Along the way, they spy the distant mountains of Gondor, and Aragorn wishes he could go there, but carries on. Legolas spies a giant eagle in the sky; it’s the second time he’s seen it, and he wonders what it means. They’ll find out later, but for now, they keep running.

They eventually find signs that at least one of the hobbits is alive: he finds hobbit footprints and one of the brooches that Galadriel gave them to fasten their cloaks. “‘Not idly do the leaves of Lorien fall,’ said Aragron. ‘This did not drop by chance: it was cast away as a token to any that might follow.” This gives them renewed hope and energy for a while, but they suspect that it’s the last token they’ll find. Surely the orcs will increase the guard on their prisoners and not give them another chance to get away unless Aragorn and the others find a way. But how’ll they will do that, no one knows. And now that it’s night, they’re more likely to lose the already fading trail. Will they rest through the night and let the orcs get farther away, or will they keep going and miss some sign on the trail? Aragorn doubts himself again: “You give the choice to an ill chooser… Since we passed through the Argonath my choices have gone amiss.”

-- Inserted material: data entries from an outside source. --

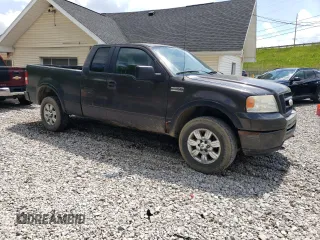 2006 Ford F-150 STX with VIN 1FTRX14W36NB54625, listed as a Copart auction lot 58221215 with 219,195 mi miles and Salvage title. Bid and sale history available at DreamBid. Image 4.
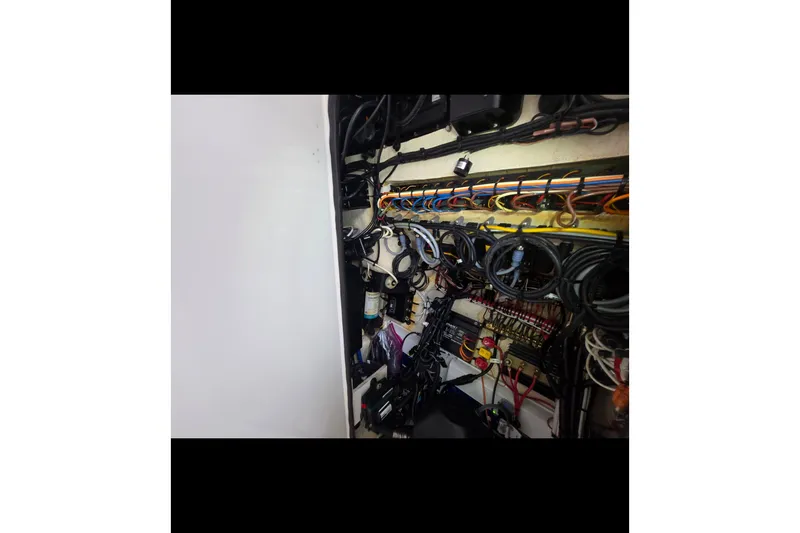 Slide: The Image of Electrical wiring setup inside a 2019 Contender 30 ST boat, showcasing organized cables and components. - 74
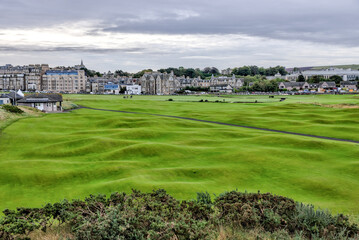 Fototapeta na wymiar St Andrews, Scotland - September 22, 2023: Early morning views of the Old Course in St Andrews Scotland 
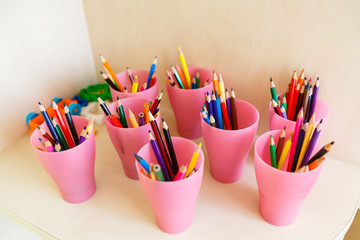 Color pencils in glass on desk with shallow depth of field Pencils in a glass on school desk
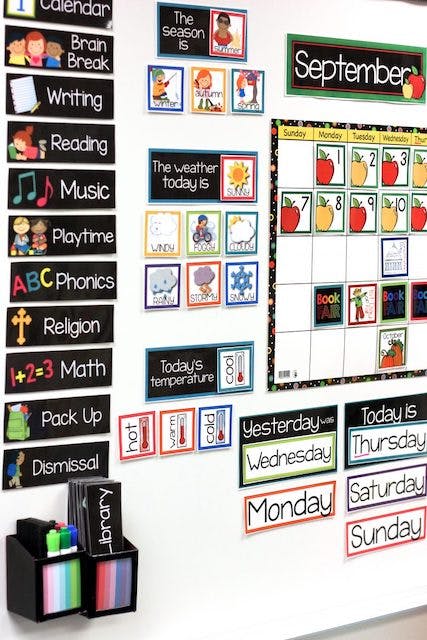 Whiteboard with labeled magnets to track schedule.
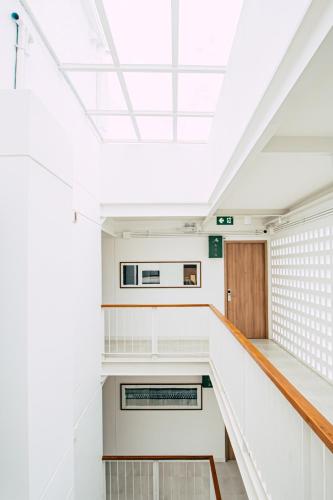 a staircase in a building with a skylight at HOMM Boutique Hotel in Chiang Mai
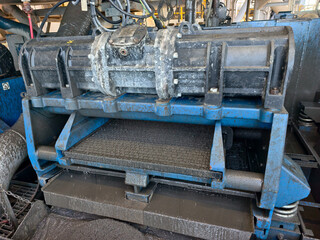 A shale shaker on an oil rig is a vibrating screen that separates large drilled solids, or cuttings, from the drilling fluid, or mud.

He decides they will rest for the night and give up hope of catching up to the orcs. During the night, Aragorn is troubled by the sound of hoofbeats in his dreams. He doesn’t know what it portends, but they are now in Rohan, the home of the horselords. They run through the day. The land is uneasy and silent. The next day, their search is even less hopeful, but they continue on for another day and a night.

birds calmness countryside dark clouds

Photo by Tatiana on Pexels.com

In the morning, they spot riders in the distance. Aragorn and Gimli see them as a shadow in the distance, but Legolas has to be all Elven (and probably a little snarky about his great eyesight) and sees them clearly: “…there are one hundred and five. Yellow is their hair, and bright are their spears. Their leader is very tall.”

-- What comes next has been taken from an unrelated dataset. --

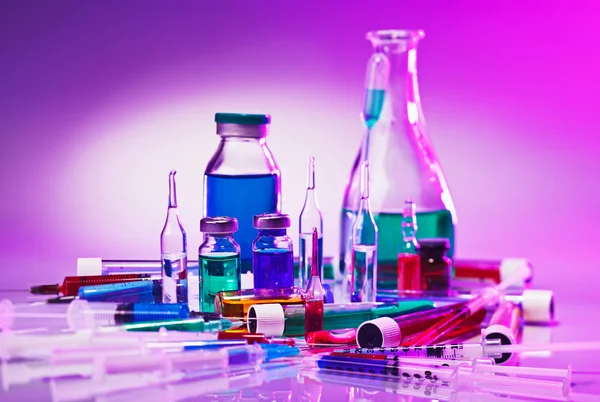 Medical laboratory glass equipment still life on blue purple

Aragorn rolls his eyes at this. But his mirth doesn’t last long. He knows what the people of Rohan were like in years past– he once fought alongside King Theoden’s father– but times have changed and the future is dark. Rumor says Rohan may be allied with Sauron. Aragorn doesn’t believe it, though. “I have been among them… They are proud and wilful, but they are true-hearted, generous in thought and deed; bold but not cruel; wise but unlearned, writing no books but singing many songs after the mannof of the children of Men before the Dark Years.” The Rohirrim, then, are a hard people, but fair and just. They have long been allies of Gondor.

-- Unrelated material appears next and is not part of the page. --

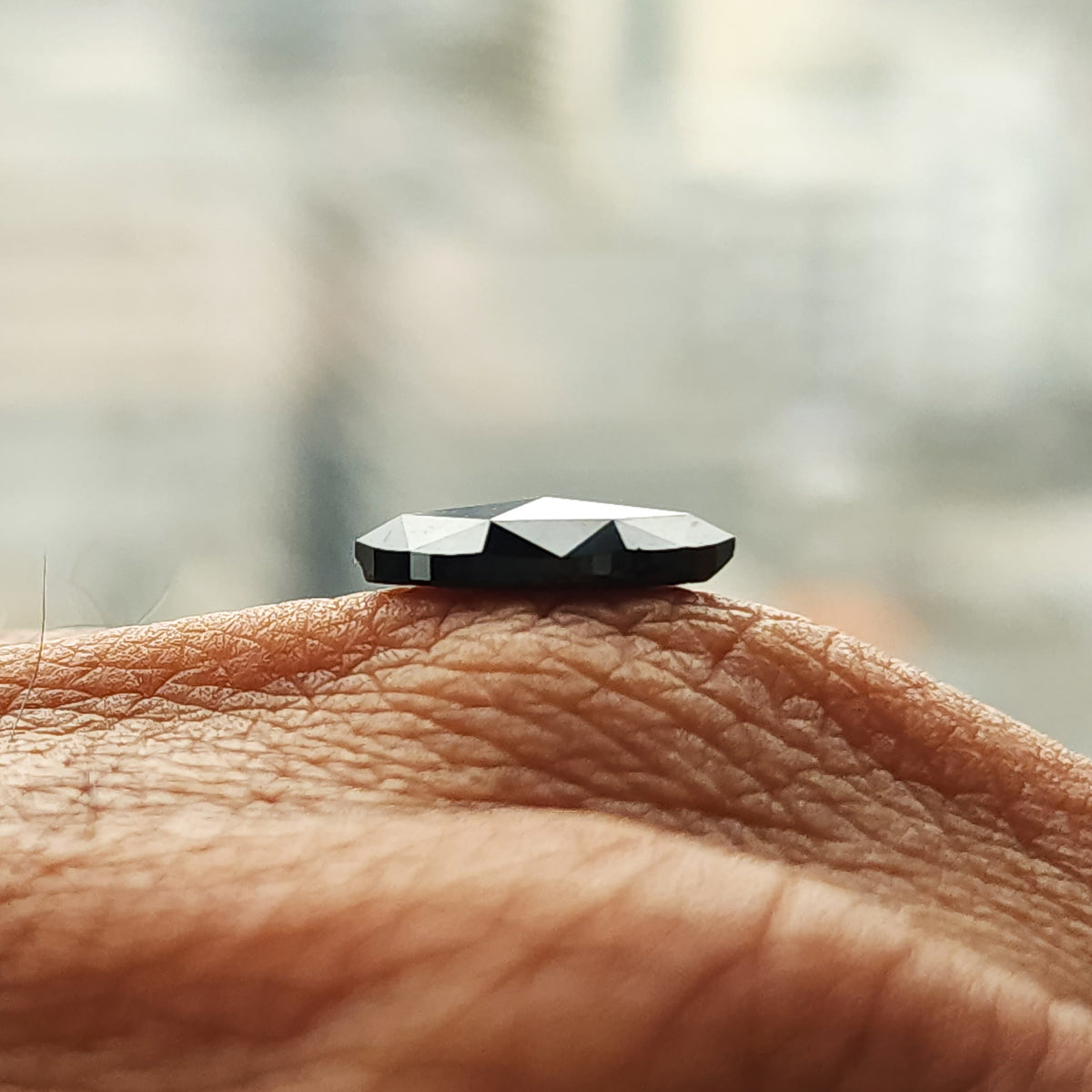 Low side-profile view of the black marquise diamond on a hand, showing the raised faceted crown.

I have to admit that, of all the kingdoms of Middle-earth, Rohan is my favorite. Perhaps it’s to do with the wide open spaces, the wind, and the prominence of the horses in Rohan’s culture. I was a horse crazy girl who lived in a place of wide open spaces with plenty of horses. It was an easy connection for me to make, especially when I encountered Eowyn for the first time. But that will happen later.

Right now, Aragorn, Legolas, and Gimli are waiting for the riders to reach them. It doesn’t take long, but the riders don’t see them at first, shrouded as they are in their Elvish cloaks. Aragorn finally stands up and calls out to them. Within minutes, the company of riders has turned about and surrounded Aragorn and his companions, with spears at the ready. Their leader demands to know their names and business.

Aragorn introduces himself as Strider and says they are hunting the orcs who have taken their two friends. The leader thinks this is strange and asks if they’re Elves who have sprung out of the grass (thanks to their cloaks). Aragorn says no, they weren’t chasing orcs on foot by choice, and the Lady of Lothlorien gave them their cloaks. This makes the leader even more suspicious, as they have heard strange stories about Lothlorien.

This angers Gimli, who will defend Galadriel to the death, and a scuffle nearly breaks out when Legolas declares that he will fight at Gimli’s side if it comes to it. But cooler heads prevail, and introductions go around. The leader’s name is Eomer, and thanks to Rohan’s laws and these dangerous times, he is bound to question strangers wandering around the country. They nearly come to blows again when Eomer questions Aragorn’s intentions and asks who he serves. Aragorn draws Anduril and declares his real identity. Eomer is taken aback, “There are indeed strange days… Dreams and legends spring to life out of the grass.”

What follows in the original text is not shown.